Crow fared no better in relation to his complaints that the leaflet associated him with a culture of cronyism, scandals and waste.  Not suprisingly, the Judge held that readers would have understood these allegations to be levelled at Mr Livingstone, rather than at Bob Crow whose name was listed alongside these political ills.  Whether or not he feared the prospect of Mr Livingstone rushing off to issue a libel writ himself, Tugendhat J went further than this and found that in the context of a heated political campaign, the leaflet could not be held to be defamatory at all.  Having already indicated that a particularly wide latitude for freedom of expression” must be allowed in the political and public sphere, Tugendhat went on to state:

In defamation, context is crucial.  In the context of an election, statements by one candidate about another candidate, or about a person associated with another candidate, are not capable of being understood as anything other than partisan.”
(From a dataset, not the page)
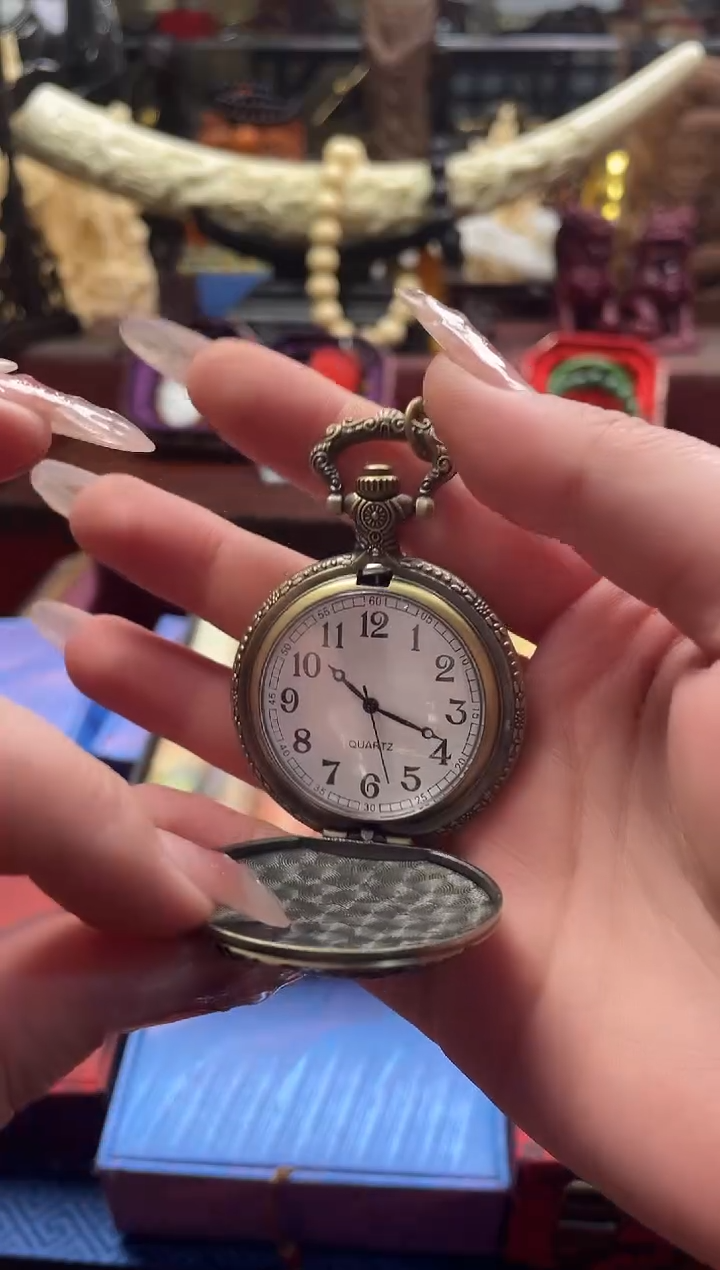 【闪购商品】一一一一一一一怀表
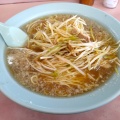 実際訪問したユーザーが直接撮影して投稿した宝ラーメン / つけ麺ラーメンショップ 宝店の写真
Crow’s case was struck out, although it’s fair to assume that this won’t be the last time that he and Boris Johnson find themselves locking horns.

On the other side of the political divide, it seems likely that Ken Livingstone has had enough of the libel courts to have any interest in bringing his own complaint about Johnson’s leaflets.  And – in an echo of the results in May’s elections – he did not fare so well as his Conservative counterpart in relation to the libel complaint which he (or in fact, the publishers of his biography) found himself having to defend.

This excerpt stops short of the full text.